There’s no taste impact – and it’s also available in non-alcoholic format.
Delivery by straw
It was interesting to catch up with Unistraw, the Australian company that launched the famous Sipahh straw – to flavour milk with only half a tsp of sugar and no artificial additives – to the international market eight years ago, to much acclaim and a pile of innovation awards.
It was acquired by India’s SRS group in 2012, a company that focuses on being first-to-market with off-patent drugs and improving drug delivery through novel and patentable delivery devices, and it has now started applying the Unistraw Delivery System in the field of complementary medicine and pharmaceuticals.
The technology can add fun, flavour, energy, vitamins, nutrition and medication to any beverage, including water. The variety of straws now on offer is astonishing. See more at
Adjacent to the Unistraw stand was a Hungarian competitor, QuickVital, that’s producing both milk flavourant and vitamin-mineral mixes in slurp-up format. Unistraw has been very careful to secure its IP around the globe, so how this one is unchallenged (or not) would be interesting to know. See more at
Non-alcoholic wines
Wine, per se, is not a major feature at Anuga as the sector has so many specialist expos, but I came across at least four exhibitors promoting non-alcoholic wines.
These have been around for decades, but they’re often thought of as being the less tasty and edgy cousins of the boozy stuff.
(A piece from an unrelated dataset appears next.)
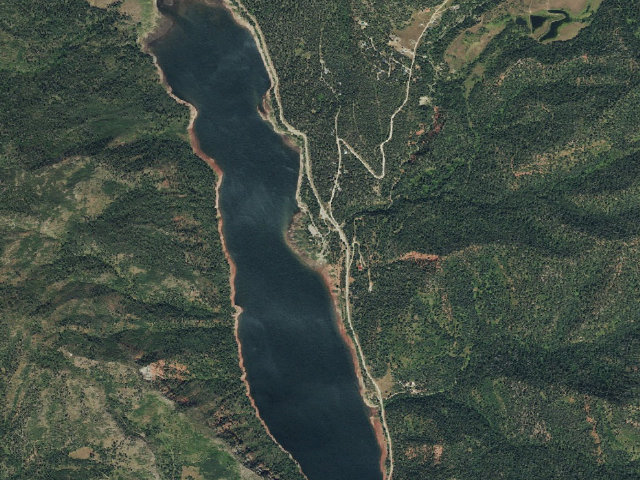 Aerial image of Miller Creek Campground 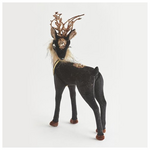 Βελουδινος Ταρανδος, Μαυρος, 19x8x39cm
But there is a new market evolving, with plenty of consumers searching for that wine taste but they don’t want to drink-drive, during a professional event or as an alternative to soda, never mind the vast global Muslim market, or those who simply eschew alcohol for all sorts of reasons.
Some of the samples I tasted were genuine chardonnay, merlot etc that had been de-alcoholised, and others were more adult soft drinks, created from fruit juices and flavours, and packaged to emulate the real thing. Served in a proper wine glass, most drank exceptionally well, so well, in fact, that if you were in a party frame-of-mind, a placebo effect might even kick in! BUT but but … that said, nothing can ever match the hit of alcohol. Will it ever be ably copied?
Pictured here is a new cranberry ‘wine’ from a start-up Germany company, see more at
Wine-to-go with Le Petit Raisin
I had a most interesting half hour on this stand. I love the convenience concept of wine in a glass, and this particular concept – there are surely several others – is reportedly proving a fantastic winner in Europe and elsewhere, and the Le Petit Raisin stand was certainly flooded with interested people.
Tasting samples were carefully chosen to be over eight months old to prove their wines’ shelf life, thanks to nitrogen flushing and oxidation protection from the PET bottle and foil seal.
See more at www.lepetitraisin.com
Saving the best for last
At a show encompassing the scope and size of Anuga, it’s no simple matter to answer, “What drink did you like best?” There was, however, one candidate that stood out for me, never mind that on first sight it was an unlikely one: Frisches BLUT or Fresh Blood, a caffeine-free energy drink comprising cranberry and ginger as its key flavour qualities.
Fresh blood can indeed be linked to imagery of life, energy and renewal, and while I found the accompanying vampire-ish branding a little out of kilter with its contents, there were no such doubts when it came to taste. Not too sweet, nice acidic balance, subtle notes of ginger. Really superb and, on sheer deliciousness alone, I felt it deserving of my ‘Drink of Anuga 2015’. It was also a Taste 15 finalist.